Innovation and Speciation:punctuated eqilibrium (Evolution)

by David Turell @, Tuesday, June 20, 2017, 00:20 (2503 days ago) @ David Turell

This article supports the theory that the gaps in evolution are real:

https://cosmosmagazine.com/biology/new-modelling-backs-controversial-evolution-hypothesis

"Gould and Eldredge sought to explain so-called gaps in the palaeontological record – missing fossils assumed to represent transitional phases between ancient species and the modern ones into which they evolved – by suggesting they were an illusion.

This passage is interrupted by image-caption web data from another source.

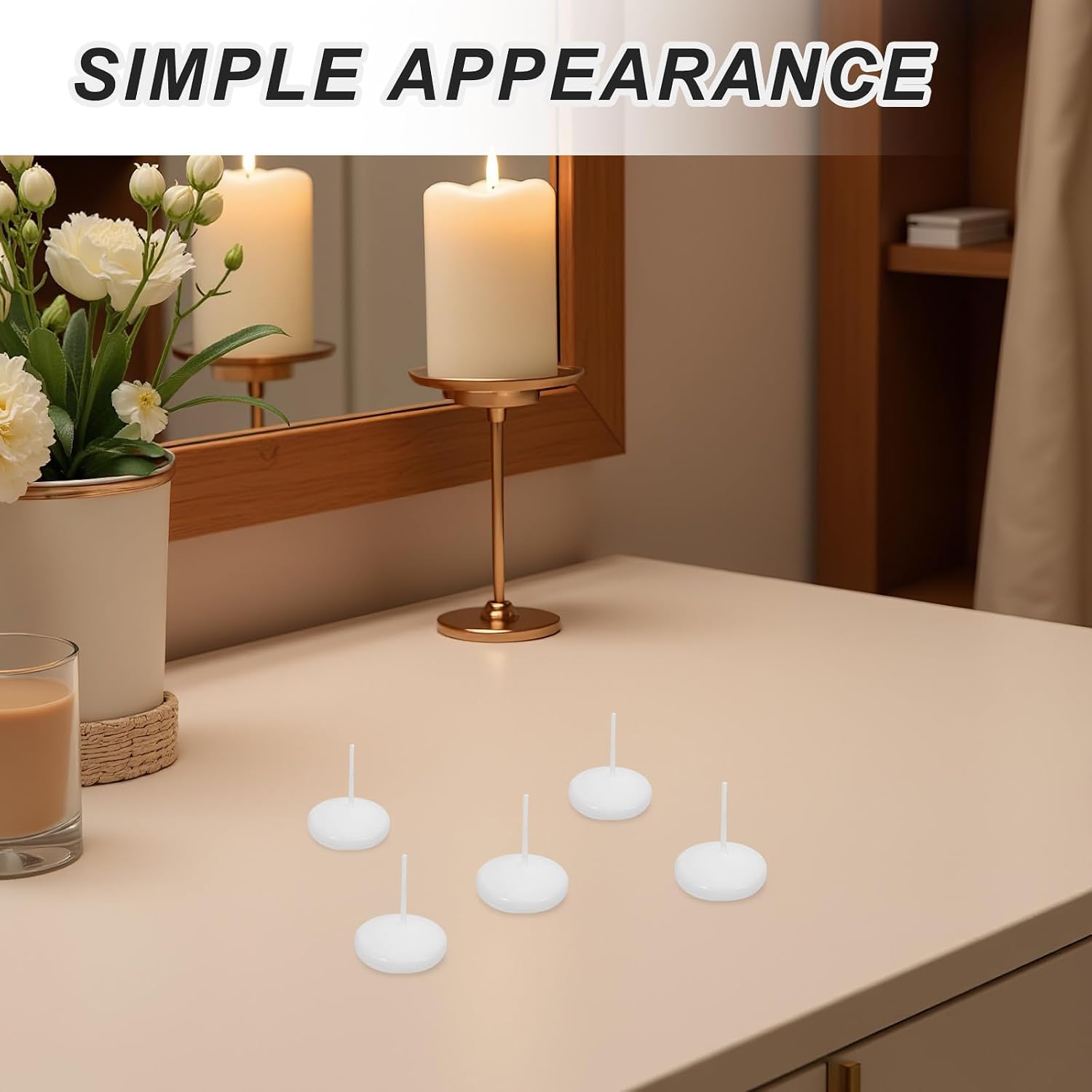 30pcs White Floating Candle Set, 1.6 Inch Small Dripless Wax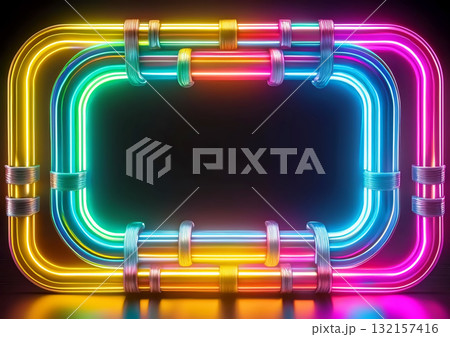 カラフルなネオンで装飾された抽象的な背景 132157416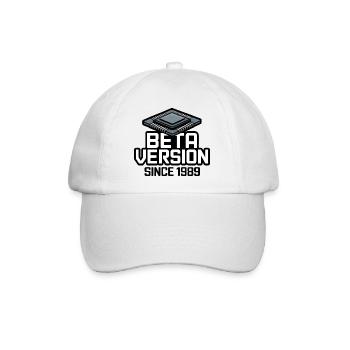 Futuristischer Computerchip Analogdruck - Baseballkappe - Weiß/Weiß - Vorne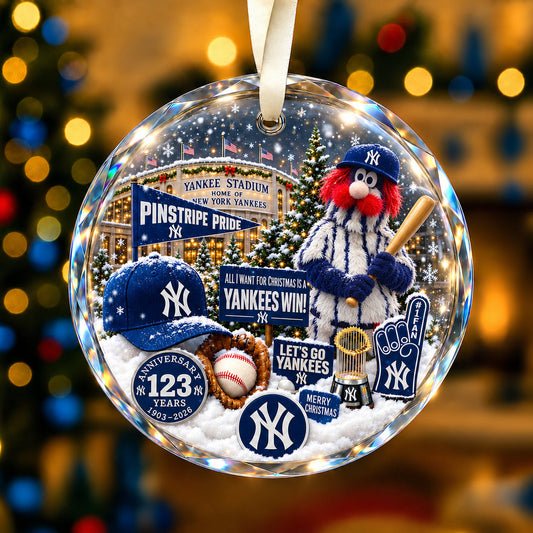 All Baseball Teams Christmas Snow Vibe Round Glass Ornament  With Red Gift Box | 5to9 5to9style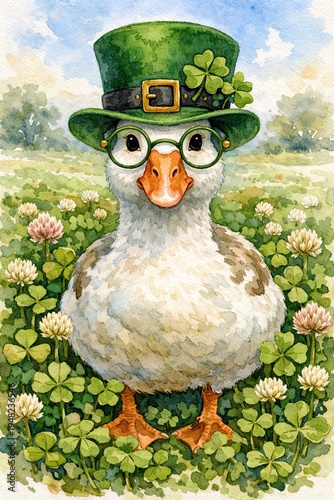 A goose stands charmingly amidst a field of clover, wearing a vibrant green hat adorned with shamrocks. Its round glasses add a whimsical touch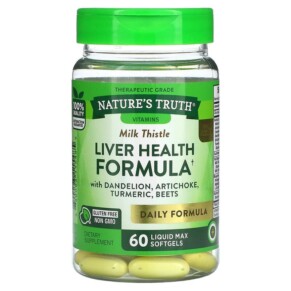 Nature's Truth Gold Series Liver Health Formula With Dandelion Artichoke Turmeric Beets 60 Liquid Max Softgels 840093115485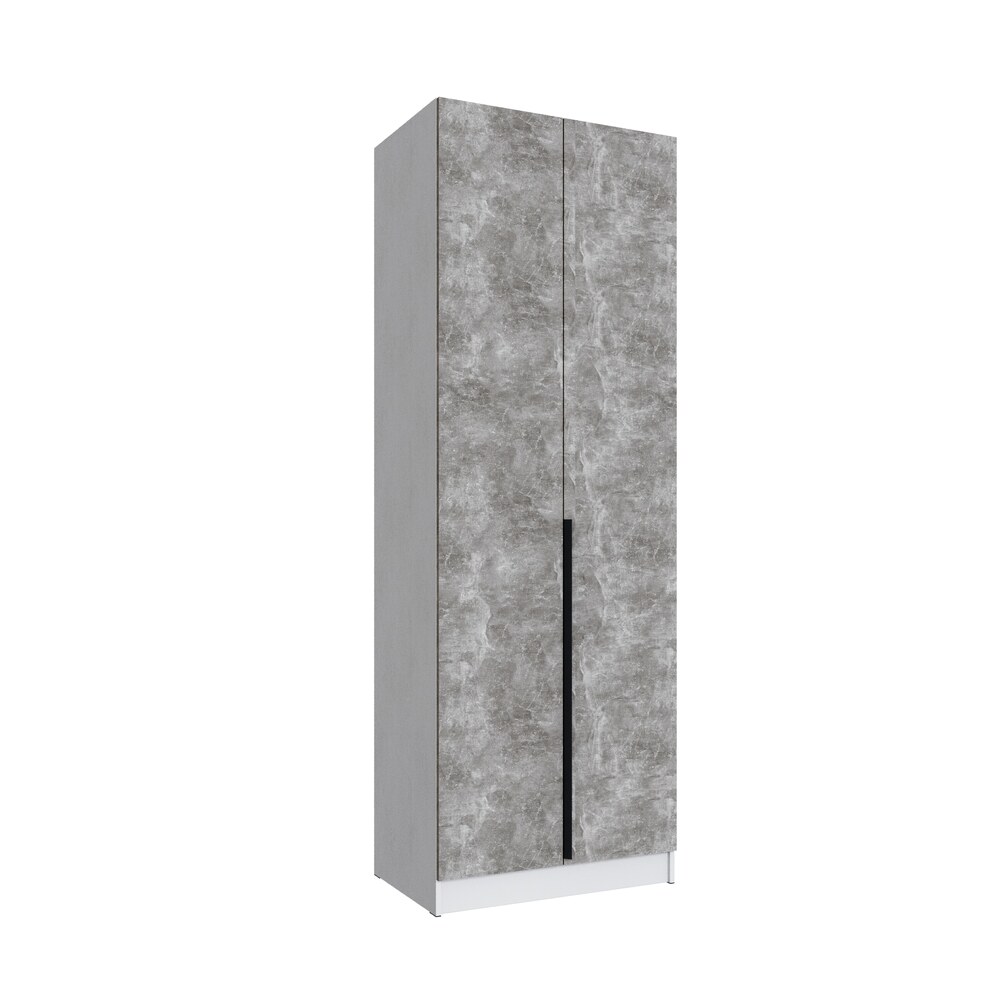 Шкаф Мадрид 0.8 с 2 ящ. внутри без зеркала белый/ателье светлое
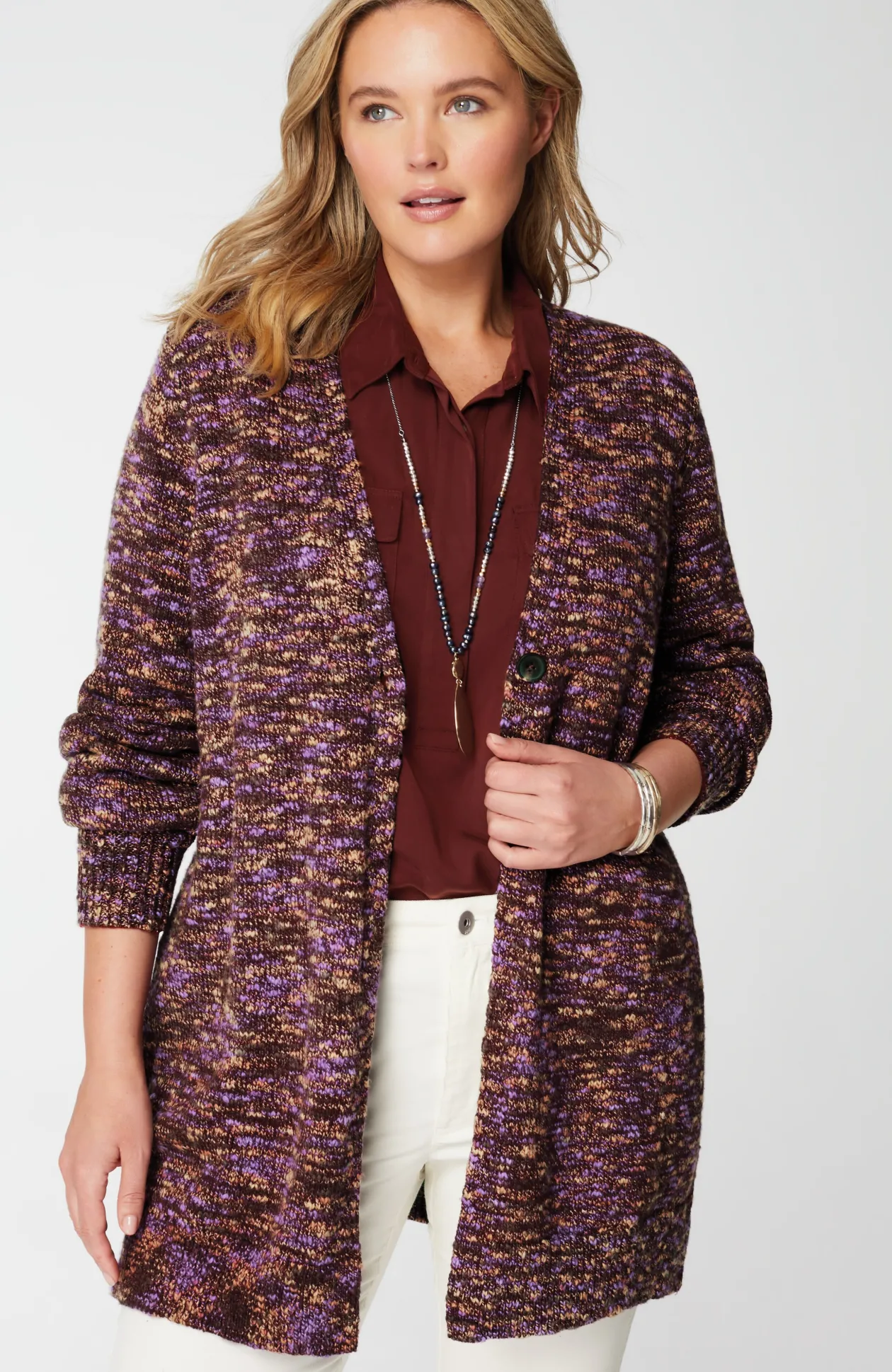 Slub-Textured Space-Dyed Cardi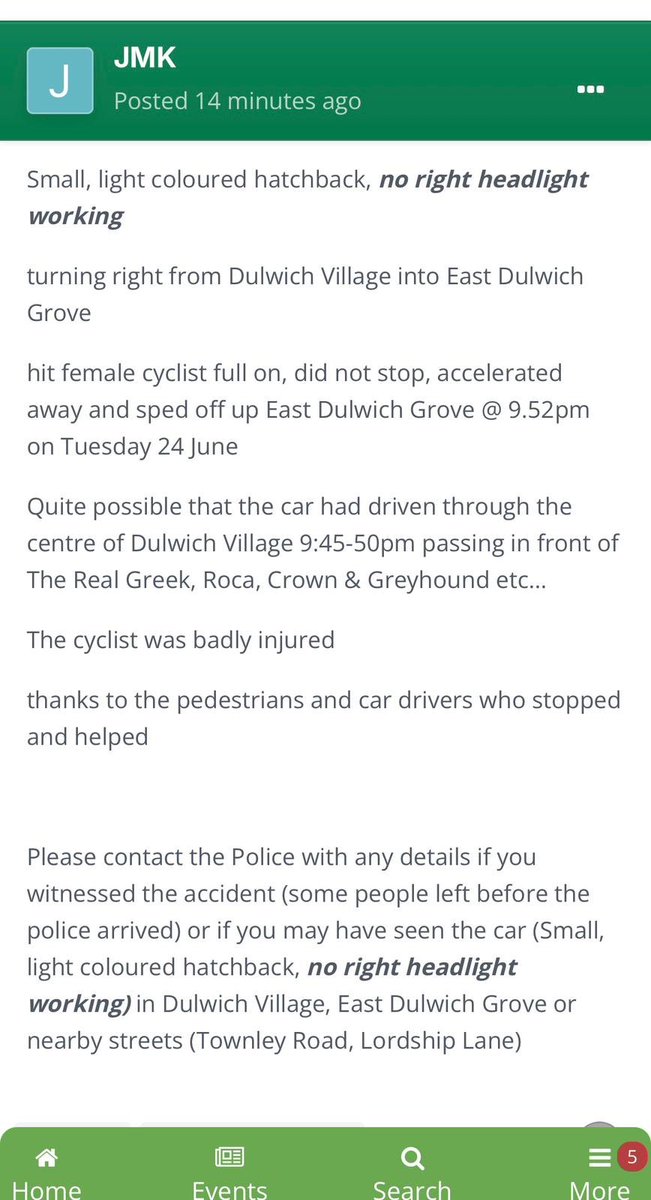 DulwichRoads's tweet image. A cyclist was badly injured by a hit and run driver of a small hatchback car on East Dulwich Grove on 24 June at 9:52pm. The car had a non-functioning front headlight.
If you can help identify the vehicle or the driver please contact @MPSDulwichVllge with details.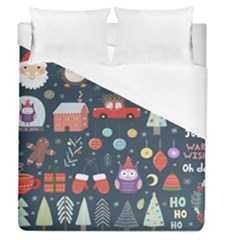 Vector Set Cute Christmas Elements santa-penguin Deer Bear Fox Owl Trees Snowman Bird Angel More Duvet Cover (Queen Size)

"Evolution, they proposed, wasn’t a gradual process, marked by the slow accumulation of new characteristics. Rather, they said, “the history of evolution is not one of stately unfolding, but a story of homeostatic equilibria, disturbed only ‘rarely’ … by rapid and episodic events of speciation.”

"Two important principles underpinned their explanation, which they dubbed the theory of punctuated equilibria.

"The first was that once a species evolved, it tended to stay pretty much the same from thereon in until extinction ended its run. The second was that when part of a species became isolated from the rest and thus fell under new selection pressure, if it was going to evolve into something new it would do so very quickly (at least, on a geological scale).

***

"However, Landis and Schraiber, publishing on the preprint site bioRxiv, push the argument back in favour of speciation as a comparatively rapid, rather than gradual, process.
The title of their paper serves also as its bold conclusion: Punctuated evolution shaped modern vertebrate diversity.

"The pair constructed a mathematical model based on random probability distribution and fed in datasets derived from the morphological characteristics of about 50 clades (genetically-related groups of animals) covering mammals, birds, reptiles, fish and amphibians.

"The results fitted best within a framework of punctuated development, with long periods of stasis – averaging around 10 million years – between “jump processes” of “pulsed evolution” lasting as little as 100 generations.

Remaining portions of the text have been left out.